* **Data records**
• • • • •
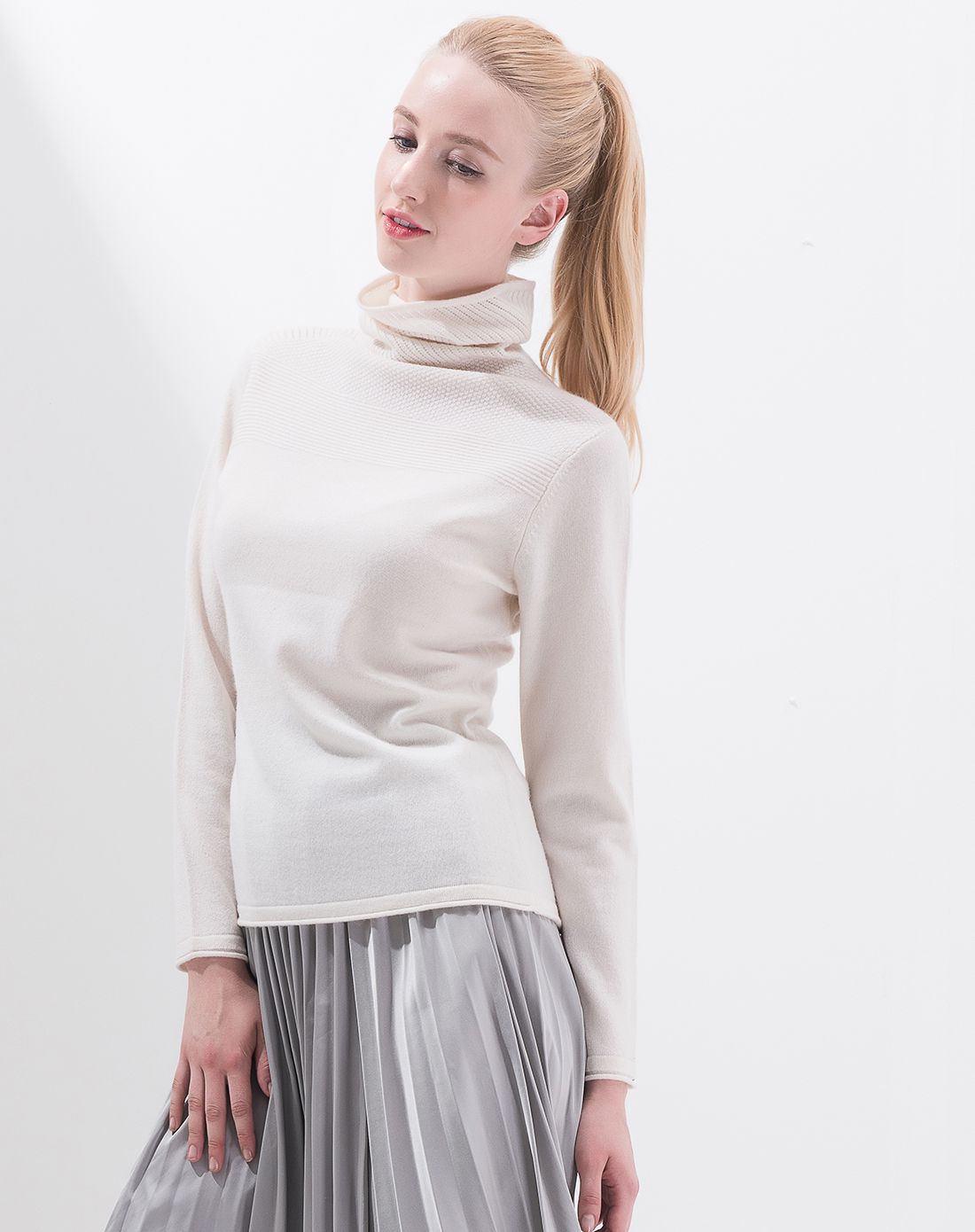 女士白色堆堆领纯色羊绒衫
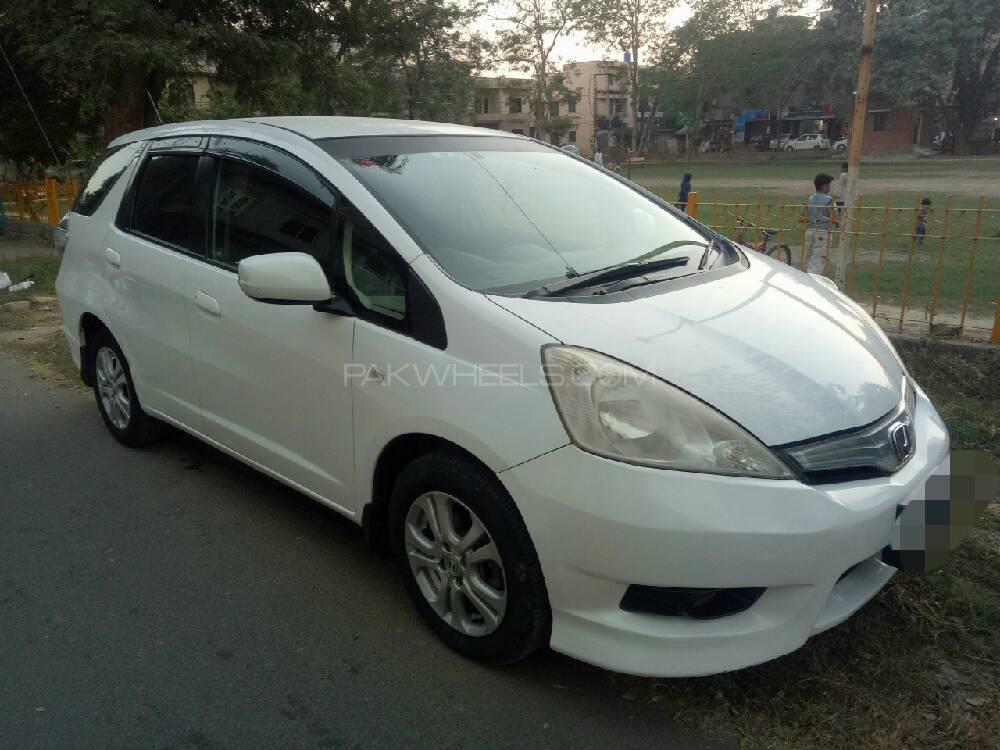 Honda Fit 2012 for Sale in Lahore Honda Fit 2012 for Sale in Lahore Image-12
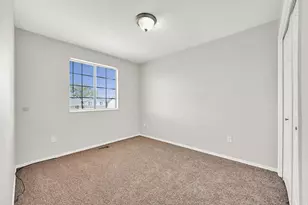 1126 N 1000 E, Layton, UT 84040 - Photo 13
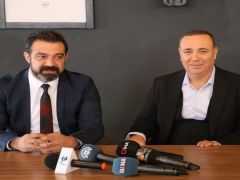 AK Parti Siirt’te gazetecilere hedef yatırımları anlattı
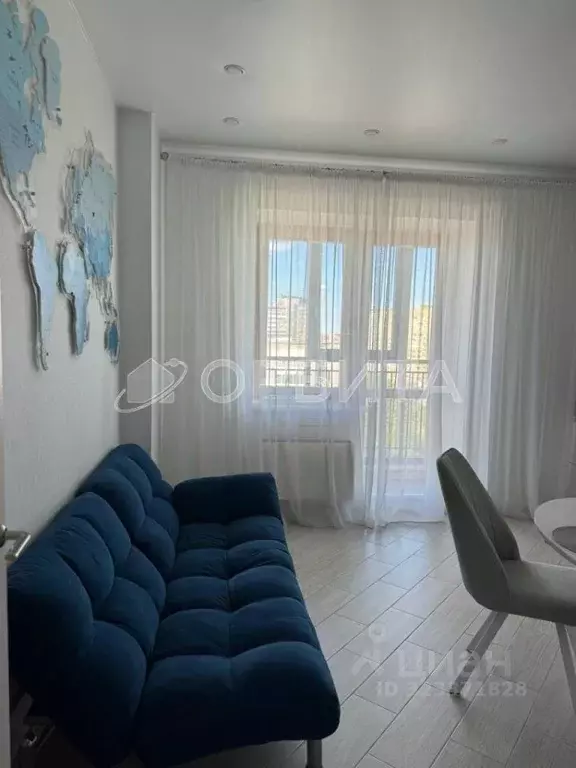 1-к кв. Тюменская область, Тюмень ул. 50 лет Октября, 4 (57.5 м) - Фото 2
• • • • •
* **Try it**
What you print must be exactly the lines from the one containing "Honda Fit 2012 for Sale in Lahore Honda" through the last line of the material, and no pictures.

* **Output below**
 Honda Fit 2012 for Sale in Lahore Honda Fit 2012 for Sale in Lahore Image-12
 1126 N 1000 E, Layton, UT 84040 - Photo 13
 AK Parti Siirt’te gazetecilere hedef yatırımları anlattı
 1-к кв. Тюменская область, Тюмень ул. 50 лет Октября, 4 (57.5 м) - Фото 2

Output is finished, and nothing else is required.